The VoxCPM helper enables torch.compile optimisations by default. The Quick Start docs note that if you hit platform-specific torch.compile issues, you can pass optimize=False to VoxCPM.from_pretrained — useful on Windows or older CUDA stacks.

Strained or weird-sounding voice

Per the Hugging Face card, lower the cfg_value (e.g. from 2.0 toward 1.5) to relax adherence to the text; raise it for tighter prompt following. For long or expressive inputs the model may exhibit instability — chunk the text or reduce inference_timesteps if needed.

Background noise in cloned voices

Set denoise=True (the default in the snippets above) or enable "Prompt Speech Enhancement" in the Gradio UI — this pipes the reference clip through iic/speech_zipenhancer_ans_multiloss_16k_base before cloning. Documented on the HF model card.

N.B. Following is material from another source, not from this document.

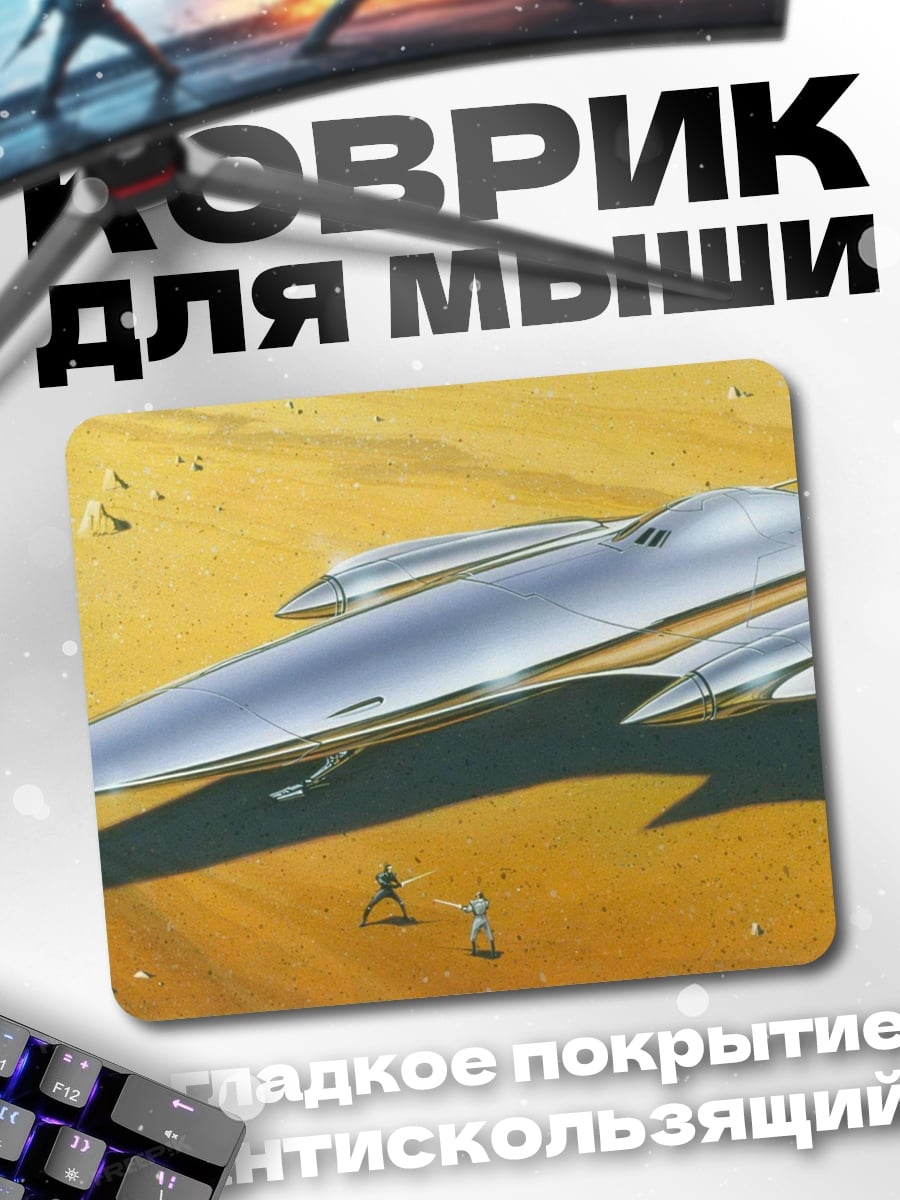 Коврик Космический корабль пустыня
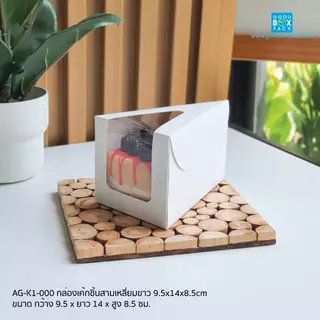 Goodboxpack (แพ็คละ10-20ใบ) กล่องเค้ก ครึ่ง,1,2 ปอนด์ หน้าต่างกว้างL-shape กล่องเค้กชิ้น สามเหลี่ยม ทรงโค้ง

Accidentally loaded VoxCPM2 instead of 0.5B

If you called VoxCPM.from_pretrained() without the explicit "openbmb/VoxCPM-0.5B" argument, or ran the voxcpm CLI without --hf-model-id, you got VoxCPM2 (the new repo default — 2B, ~8 GB VRAM, 48 kHz, 30 languages). On the RTX 5070 Ti's 16 GB both fit, so this is a feature-mix surprise rather than an OOM. Always pass "openbmb/VoxCPM-0.5B" verbatim to stay on the variant this recipe documents.